In about an hour I am going to dust off my favorite cowboy boots and sweater vest for an evening of Fleetwood Mac at Danny's (my fashion sense is a little more Buckingham than Nicks). I have been experiencing a renaissance of Fleetwood Mac lately. This culminated with the discovery that I love to sing their songs at karaoke. 


I'm headed into my third year of frequenting a magical little place I like to call VFW Post 7975 for karaoke and other attractions. This post is not about the Post, mostly because I'm saving it for a short story collection, but more about the few lessons I have learned from karaoke, which like life you have to accept your shortcomings and embrace your strengths. For example, most people love Bruce Springsteen (this is an assumption based on good faith in humankind) but most people can't sing "Born to Run." Yes, it is a great goddamn song, one of the best, but attempting and failing to sing it well will not make your new friends. (Side note: If you do sing it well we should be friends, or better friends. If you sing "Streets of Fire" well we should get matching tattoos). I love Aretha Franklin but I have learned to leave "Do Right Woman" well enough alone. I can sing Dolly Parton's "Jolene" and most of Patsy Cline's hits. Granted, first ladies of country is not my first choice, but I can pull them off and have found satisfaction in doing so. You can imagine my delight in discovering with a friend that we can sing the hell out of "The Chain" and haven't failed with any song off of Rumours to date. These are our first choices and we can kill it on the mic when she sings the Lindsey Buckingham parts and I sing the Stevie Nicks parts (I can't have Buckinham fashions and vocals, that would be too much). 
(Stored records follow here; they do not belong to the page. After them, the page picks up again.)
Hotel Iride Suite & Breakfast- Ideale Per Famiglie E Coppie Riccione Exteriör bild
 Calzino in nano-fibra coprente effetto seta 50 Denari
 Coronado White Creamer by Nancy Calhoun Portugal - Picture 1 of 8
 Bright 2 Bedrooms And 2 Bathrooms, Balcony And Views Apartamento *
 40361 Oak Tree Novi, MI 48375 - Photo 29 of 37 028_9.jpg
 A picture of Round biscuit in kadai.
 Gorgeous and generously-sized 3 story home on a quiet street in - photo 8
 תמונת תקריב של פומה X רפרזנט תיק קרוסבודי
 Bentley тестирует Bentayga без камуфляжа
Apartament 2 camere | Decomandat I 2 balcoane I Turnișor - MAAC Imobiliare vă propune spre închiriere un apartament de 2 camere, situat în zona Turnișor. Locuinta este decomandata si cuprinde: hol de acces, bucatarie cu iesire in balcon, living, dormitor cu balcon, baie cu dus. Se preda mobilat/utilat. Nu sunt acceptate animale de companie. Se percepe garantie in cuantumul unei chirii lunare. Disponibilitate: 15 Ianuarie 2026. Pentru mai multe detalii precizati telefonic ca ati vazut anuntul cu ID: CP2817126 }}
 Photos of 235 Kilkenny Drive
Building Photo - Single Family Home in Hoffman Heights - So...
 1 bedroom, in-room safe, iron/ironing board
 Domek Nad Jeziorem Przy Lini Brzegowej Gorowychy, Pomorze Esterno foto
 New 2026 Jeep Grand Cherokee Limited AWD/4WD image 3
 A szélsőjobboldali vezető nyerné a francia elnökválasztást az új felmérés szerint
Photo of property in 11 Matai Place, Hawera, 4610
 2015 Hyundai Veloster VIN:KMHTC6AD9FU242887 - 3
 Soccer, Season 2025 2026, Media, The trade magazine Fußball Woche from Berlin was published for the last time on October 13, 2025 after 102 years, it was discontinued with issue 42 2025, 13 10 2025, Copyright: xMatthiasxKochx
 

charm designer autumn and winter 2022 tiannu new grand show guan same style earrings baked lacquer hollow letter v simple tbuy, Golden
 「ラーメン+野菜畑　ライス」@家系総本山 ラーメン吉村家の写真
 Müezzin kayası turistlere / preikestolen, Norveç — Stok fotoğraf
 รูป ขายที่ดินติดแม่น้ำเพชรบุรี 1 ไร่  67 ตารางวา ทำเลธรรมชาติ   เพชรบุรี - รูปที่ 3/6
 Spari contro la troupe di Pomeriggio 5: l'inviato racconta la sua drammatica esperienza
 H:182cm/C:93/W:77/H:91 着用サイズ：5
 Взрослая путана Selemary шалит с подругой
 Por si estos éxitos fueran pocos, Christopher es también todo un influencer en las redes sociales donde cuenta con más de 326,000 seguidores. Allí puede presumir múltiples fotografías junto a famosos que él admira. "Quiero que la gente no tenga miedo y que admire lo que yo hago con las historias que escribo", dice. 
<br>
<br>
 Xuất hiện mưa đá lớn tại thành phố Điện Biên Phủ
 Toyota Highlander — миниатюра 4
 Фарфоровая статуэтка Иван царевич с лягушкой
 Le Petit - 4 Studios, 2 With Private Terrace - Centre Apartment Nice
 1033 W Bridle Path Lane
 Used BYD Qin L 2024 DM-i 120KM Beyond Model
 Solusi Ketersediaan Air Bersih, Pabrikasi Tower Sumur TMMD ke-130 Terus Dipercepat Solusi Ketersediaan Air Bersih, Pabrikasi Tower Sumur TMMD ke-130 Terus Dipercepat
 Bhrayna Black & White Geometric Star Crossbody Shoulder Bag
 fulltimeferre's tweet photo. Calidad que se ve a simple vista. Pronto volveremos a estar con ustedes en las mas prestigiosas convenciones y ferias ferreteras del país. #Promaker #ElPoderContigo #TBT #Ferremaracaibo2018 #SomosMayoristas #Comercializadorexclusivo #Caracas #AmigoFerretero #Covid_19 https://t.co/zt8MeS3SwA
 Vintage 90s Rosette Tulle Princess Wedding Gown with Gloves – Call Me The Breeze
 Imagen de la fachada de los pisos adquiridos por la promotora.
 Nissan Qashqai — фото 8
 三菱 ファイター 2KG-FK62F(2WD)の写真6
We started with "The Chain" and again while I have to reiterate that we are really good at all of them, I think that is our finest work.  You have to know some heartbreak, some loss, some disillusionment to get that song right and it's a real cruncher that we can both belt it out so well. But maybe that's exactly the way to the other side of tough times, through a song, with good friends, and lots of whiskey. Increasingly I think my sentiment is bending toward old cowboy wisdom and I am more than fine with that. 

11.29.2010

The Lady Gets What the Lady Wants

Let the record show that I am a bit of a night owl. Lately, I need less sleep then I ever have before. I seem to be fine going out almost every night, sleeping for five or six hours, and then working my normalish office job. Sure there are hiccups along the way such as actively trying to nap on the toilet paper dispenser in the bathroom at work, but sometimes you just encounter a gnarly Wednesday. 


The other night I wrote something on Facebook around three or four AM about eating bread nachos (these differ greatly from the cracker nachos I often eat at work which I also recommend). When I talked to my oldest sister she wondered what the fuck was going wrong in my life that I am eating bread nachos. That is a very valid question and my  response was, "Well I'm trying to eliminate my four AM feeding."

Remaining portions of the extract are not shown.